Sidewalk supports Wissam in all his future endeavors, such as Lebanon’s first full sign language stand-up comedy set.

“Sidewalk supports Wissam in all his future endeavors, such as Lebanon’s first full sign language stand-up comedy set.”

Maysan Nasser – Sidewalk Beirut Founder, Photo by: Bob Mattar

The musician
Sidewalk has begun organizing separate music events, yet its main weekly open mic has also included many musicians. In fact, many of the event’s main features have been musicians like Tarabeet and singer-songwriter Peter Chouchani, and bands such as Taxi 404.

Taxi 404 call themselves the “young members who want to express themselves, and pour their frustration and anger at the deranged world out onto the stage.”

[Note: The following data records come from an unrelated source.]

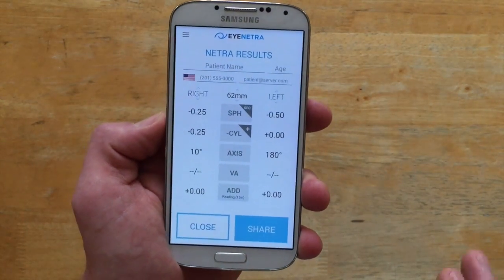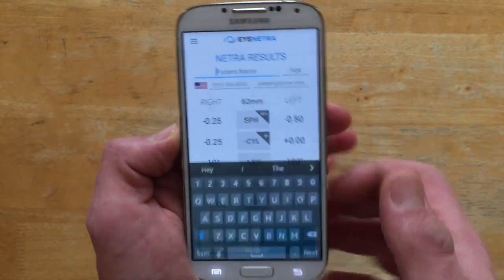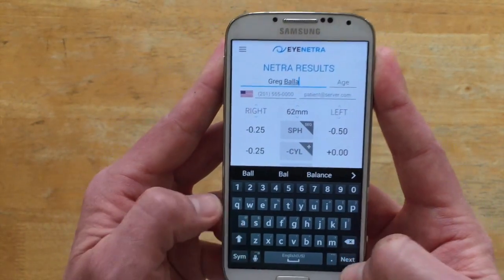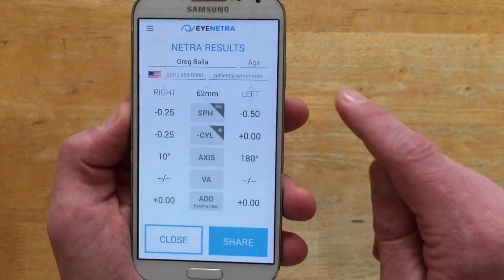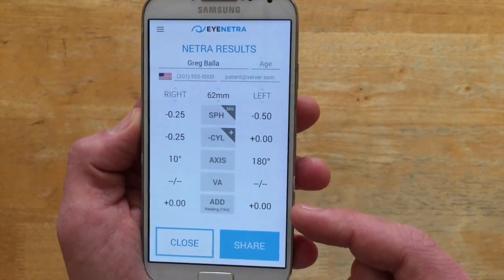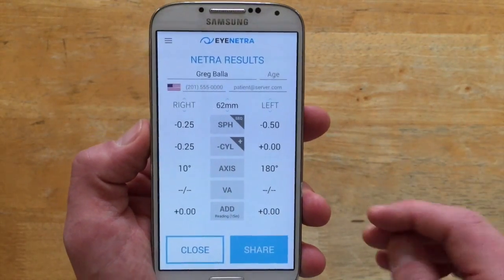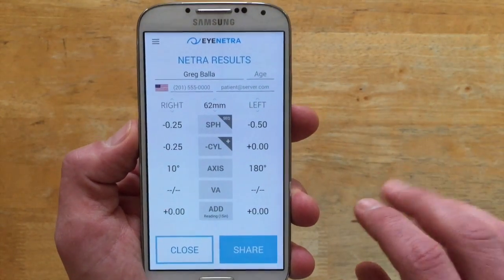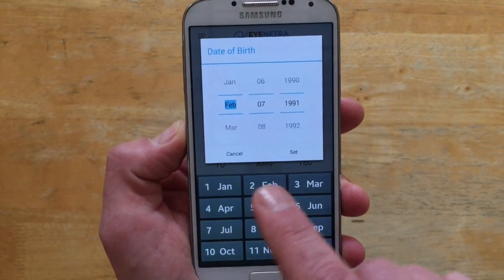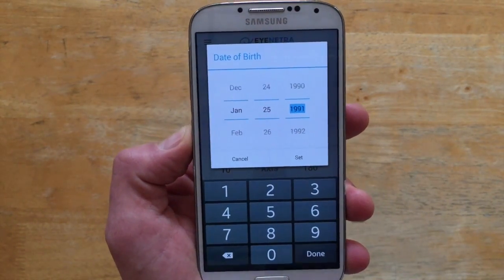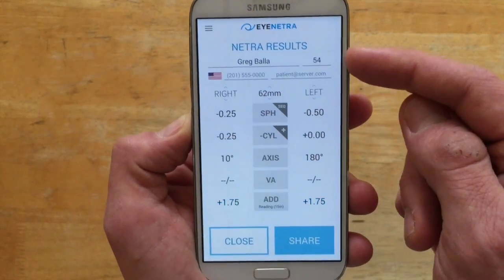The first thing you'll want to do after completing the refraction is to tag it so you know who the results belong to. In the patient name field at the top, enter the patient's name — I'll put my name, Greg. In the field next to it, enter the patient's birth date. This is important for two reasons: it will suggest an add value for progressives or bifocals, and it will also serve as the patient's login credential when they want to retrieve their prescription from the Insight portal. So I'll enter January 25th, 1965.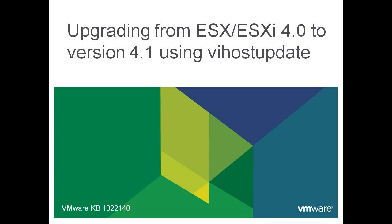This video provides an overview on upgrading ESX 4.0 to ESX 4.1. This video is based off Knowledge Base Article 1022140 as well as the vSphere Upgrade Guide.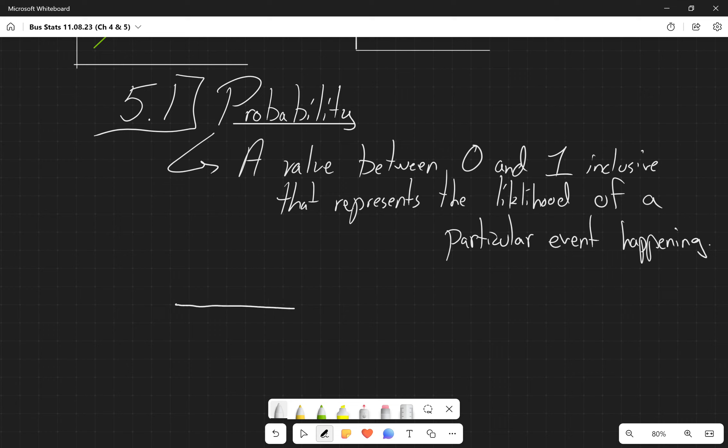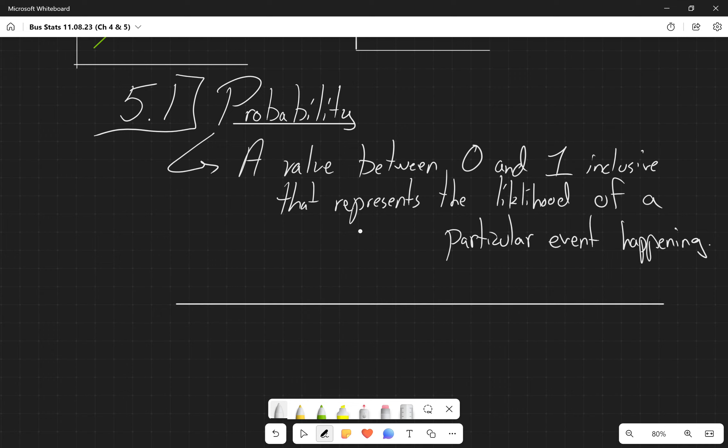We get this interesting continuum of probabilities that the book talks about, where we have a probability of 0.00 that our sun will disappear this year.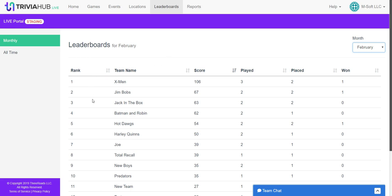The rank is going to automatically be calculated for you, the team name will be listed, and there are also going to be some other stats around each team. You'll see their total points scored across the games you've played during that month, how many games they've played, how many games they've placed in, and how many games they've won.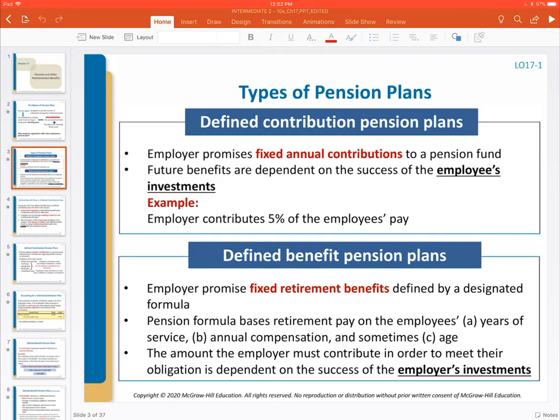In a defined contribution plan, all the company has to do is periodically make a contribution to a fund, then that fund is solely managed by the individual — the company has nothing more to do with it once they've made the contribution. Versus a defined benefit plan, where the employer is actually promising a specific salary to that person once they retire. All the risk and responsibility bears on the company because they are promising not just periodic contributions, but a certain amount of money every single year.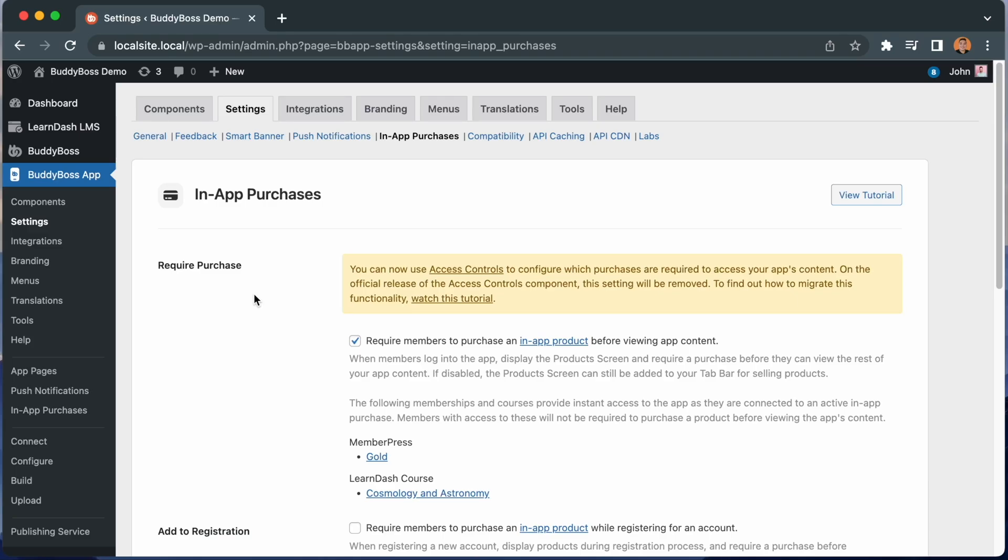In this tutorial, you will learn how to migrate your required purchase settings for your in-app products to use the more advanced methods provided in the new Access Controls feature.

As Hana Yazbeck of Taxi 404 said, “We think Sidewalk, as part of a cultural hub growing in Lebanon, is doing an important job in creating a platform for artists to express themselves and expose their creative work.”

The goal
Sidewalk is part of “a worldwide movement of artistic organizations bringing people together in a fear-dominated world,” said Nasser. Their efforts to create more space for self-expression are also promoting empathy and compassion.”

“Sidewalk endeavors to take care of its people. No matter what happens, Sidewalk is here,” said Beirut-based writer, professor and actor Dima Matta, dubbed “the storyteller of Beirut.” “Come rain or come shine, every week.”